High-pressure fuel pumps which highly pressurize a fuel supplied to a combustion chamber of an internal combustion engine are usually formed as piston pumps. In such pumps, a piston compresses a fuel in a pressure chamber by means of a translational movement and thus highly pressurizes it. For example, typical high-pressure fuel pumps in petrol internal combustion engines pressurize the fuel to a pressure between 200 bar and 250 bar, while high-pressure fuel pumps in diesel internal combustion engines pressurize the fuel to a pressure between 2000 bar and 2500 bar.
In order to drive the piston in its translational movement, a camshaft is commonly used as a drive shaft which rotates about a drive shaft rotational axis so that a cam projecting beyond the drive shaft periodically pushes the piston away from the drive shaft rotational axis. The volume of the pressure chamber, in which the fuel is located, is reduced and the fuel is thus pressurized. In the case of a further rotation of the drive shaft, the piston then moves again in the direction of the drive shaft rotational axis, as a result of which the volume of the pressure chamber is increased again.
There are various approaches for transmission of the translational movement from the drive shaft to the piston.

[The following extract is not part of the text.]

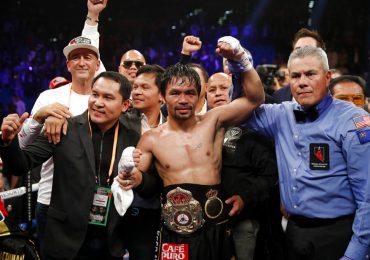 Ícone do boxe, Manny Pacquiao diz que é 'um instrumento' de Deus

One example is an eccentric ring, what is known as a rider, often used in contact with the drive shaft such that the drive shaft rotates away together with the cam under the eccentric ring, while the eccentric ring is moved up and down in a translational direction without itself rotating. The eccentric ring has a flat surface which is in operative contact with the piston, and indeed usually via a sliding shoe which slides over the flat surface of the eccentric ring and thus transmits the movement of the eccentric ring to the piston.
Such an arrangement is shown in FIG. 3 and FIG. 4. FIG. 3 is a longitudinal sectional view through a high-pressure fuel pump 10 according to the prior art, while FIG. 4 shows a sectional view through high-pressure fuel pump 10 from FIG. 3 along line IV-IV.

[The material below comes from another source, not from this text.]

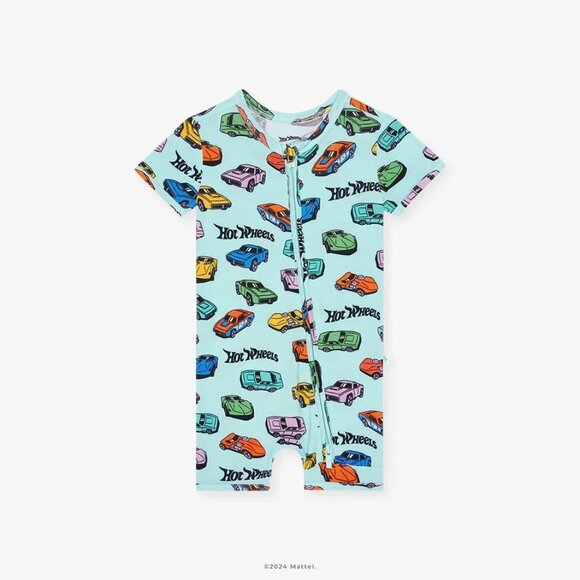 NWT Posh Peanut Boys Retro Hot‎ Wheels Zippered Shortie Size 18-24 months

High-pressure fuel pump 10 includes two pistons 12 which are opposite one another and delimit in each case a pressure chamber 14 on one side. Pressure chambers 14 are fed in each case via an intake 16, in which a first valve 18 is arranged, with a fuel which is highly pressurized by translational movement of piston 12. The highly pressurized fuel is then conducted in each case via an outlet 20, in which a second valve 22 is arranged, to a combustion chamber. Pistons 12 are driven by a drive shaft 24 which rotates about a drive shaft rotational axis 26. In order to be able to perform the piston stroke, the mechanical energy is transmitted in the form of rotational energy, i.e., a torque, into a translational movement of piston 12 by virtue of the fact that what is known as an eccentric drive 28 is interconnected between drive shaft 24 and piston 12.

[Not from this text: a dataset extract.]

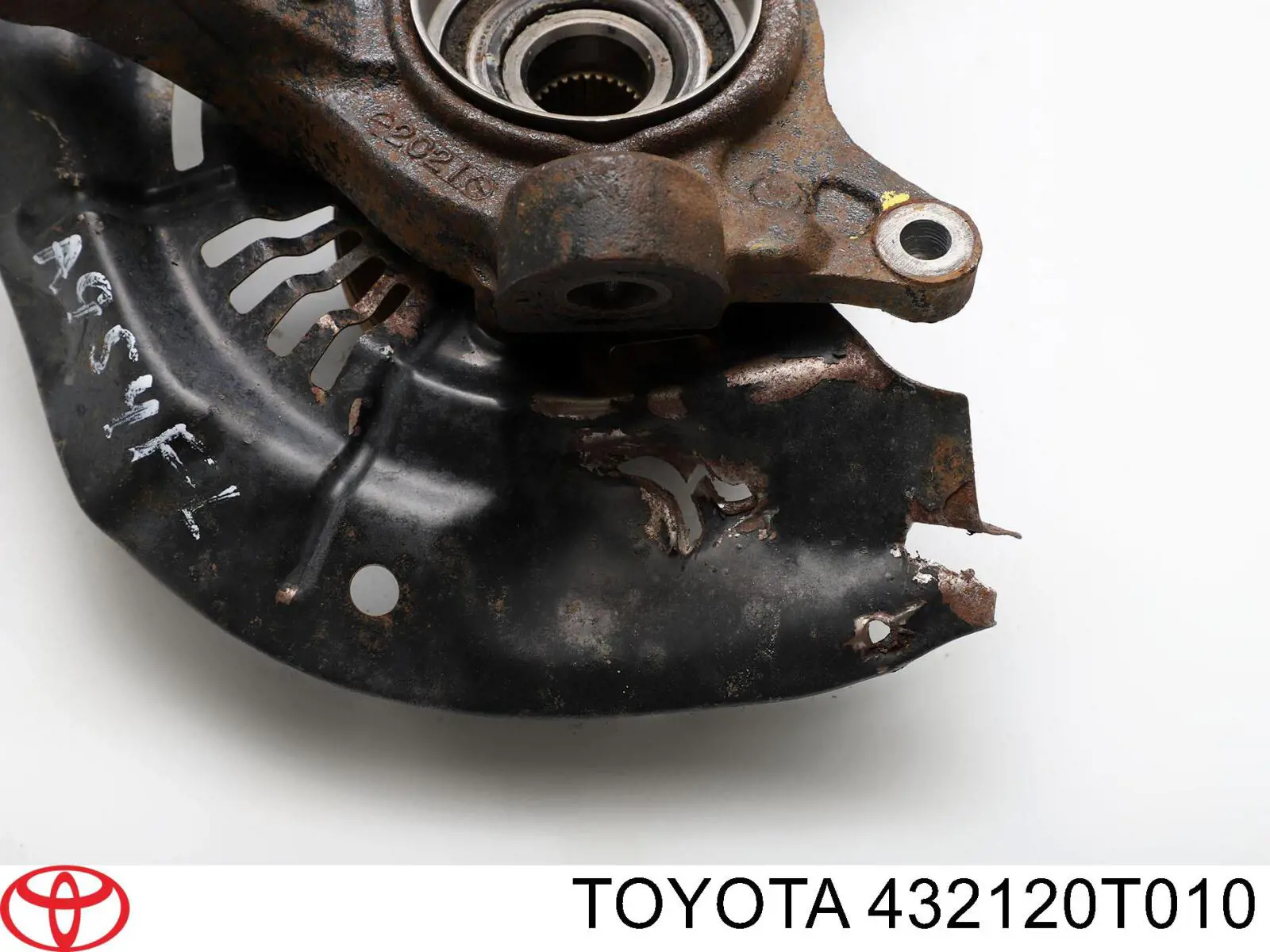 Цапфа - поворотний кулак передній, лівий 432120T010 Toyota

Eccentric drive 28 has an eccentric ring 30 under which drive shaft 24 and a cam 34 arranged thereon rotate away. Eccentric ring 30 is periodically guided away in the direction of pressure chamber 14 and away from it without, however, itself rotating. A center point M of eccentric ring 30 is spaced apart by a distance A from rotational axis 26 or shaft center point W. With the rotation about W and eccentricity A=MW, a stroke of 2·MW is produced.
Eccentric drive 28 further has a sliding shoe 36 which slides on a flat eccentric ring surface 38 during the movement of eccentric ring 30 and passes on the translational movement of eccentric ring 30 to piston 12.
So that piston 12 and sliding shoe 36 are continuously in contact with eccentric ring surface 38, a spring 40 is provided which pretensions piston 12 and sliding shoe 36 onto eccentric ring surface 38.
Alternatively to eccentric drive 28 shown in FIG. 3 and FIG. 4, there are also arrangements in which, for example, a roller tappet rolls with a roller directly on cam 34 of drive shaft 24 and thus transmits the translational movement to piston 12. The advantage of these arrangements with a roller tappet is that in comparison with an eccentric drive 28 instead of sliding friction between eccentric ring 30 and sliding shoe 36 a significantly lower rolling friction is present between cam 34 and a roller of the roller tappet.
Roller tappets therefore have the advantage that lower friction is present between the individual elements of a drive region, but they are less robust than eccentric drives. Such eccentric drives can namely, for example, also be used in combination with connecting rods in an internal combustion engine which tends to be difficult when using roller tappets.